「京七口」と街道 ー山中越(やまなかごえ)ー 1
「山中越」というのは、平安時代以来、京から白川村を抜け、近江国の山中村を経て坂本に至る道でした。
ところがこの道は時代を経るにしたがい、ルート・名称(呼称)ともに変遷しています。
今回はそれらを簡単に見てゆきたいと思います。しかし、記事がいつもより長くなってしまい、3回に分割することにしました。(それでもなお、1回分が少し長くなったものもありますが)
1. 「志賀山越(しがのやまごえ)」
「山中越」は、古代には「志賀山越」と呼ばれました。
ルートは、「荒神口」を発して鴨川を東岸に渡り、現・近衛通の少し北にある斜め北東へ延びる道を、今の京大会館前を経て東大路通一条へ、さらに白川村から山中村、そして崇福寺・近江滋賀里へ出る道でした。

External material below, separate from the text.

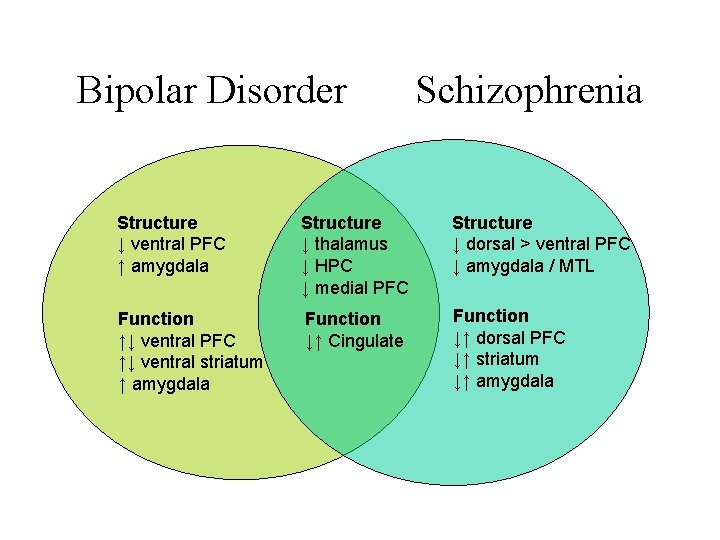 Bipolar Disorder Schizophrenia Structure ↓ ventral PFC ↑ amygdala Structure ↓ thalamus ↓ HPC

*「荒神口」の名は、護浄院(荒神口通河原町西入)の本尊である清三宝大荒神に因みます。
ここは京への街道の出入り口「京七口」の一つに数えられる交通上の要地でした。そしてそれは、吉田村を経て志賀(近江)へと通じていることから、「吉田口」あるいは「志賀道口とも称されました。
(中世になると「今道越」への出入り口と云うことで「今道ノ下口」という名称も生じます)
護浄院(通称は清荒神)
東大路通一条交差点の道標
「右 さかもと からさき 白川、 左 百まん扁ん、 宝永6年11月 沢村道範」と刻まれている。
前記のように、「志賀山越」の道は東大路一条から北東に進むのですが、現在は京都大学本部キャンパスの構内となっており道は寸断されている。キャンパスを北東側に抜けた所、住宅地の中を斜め北東へと延びる旧道をとると、今出川通の吉田神社裏参道前に出ます。
そこから今出川通を斜め北に横切ったところが山越えの起点となる白川口です。
今出川通南側の道標
吉田神社裏参道に出る手前の左手にこの道標があり、「すぐ 比ゑいさん 唐崎 坂本 嘉永2年」とあります。
道標の右傍らには、二体の大きな阿弥陀如来座像が安置された祠があり、この石仏は鎌倉時代の作とされているようです。
白川口
今出川通北側にあって山越えの起点となる所で、「志賀山越」は祠の前を北東方向へ進む。
北白川阿弥陀石仏(子安観音とも呼ばれる)
白川口の祠に安置された石仏、これも鎌倉時代の作とされて高さは約2mあります。
ここ北白川の町から京都府道・滋賀県道30号線を登り詰めると、府県境を滋賀県側に入ったところ、すぐ右手に山中町集落への入り口があります。集落を抜ける旧道がかつての「志賀山越」です。
山中町集落の東はずれから再び県道30号線に出ますが、そこを左手(県道の向かい側)に入って行く旧道が「志賀山越」で、平安期に所在した崇福寺(志賀寺・志賀山寺とも)を経て近江国見世(滋賀里)に出たのです。
崇福寺は天智7年(668)天智天皇の創建になる寺で、十大官寺の一つとして貴人の参詣が多く平安初期まで栄えたとのこと、しかし度々の兵火で衰えてしまいます。
この「志賀山越」が、謂わば山中越えの本道とも云える道で、京から崇福寺への参詣路として、また、近江への山越え道として利用されたのですが、平安時代の末期には寂れてしまったようです。
西教寺「阿弥陀如来座像」
この阿弥陀如来座像は、山中町集落を通り抜ける山中越旧道に面して安置されている約2.5mの石仏で、鎌倉時代末期の作とされています。
この石仏は山中越え京都側入り口の「北白川阿弥陀石仏」、大津側入り口の「見世(滋賀里)の大ぼとけ」とともに、山中越えを通行する旅人の目標「一里塚」になっていたと云う。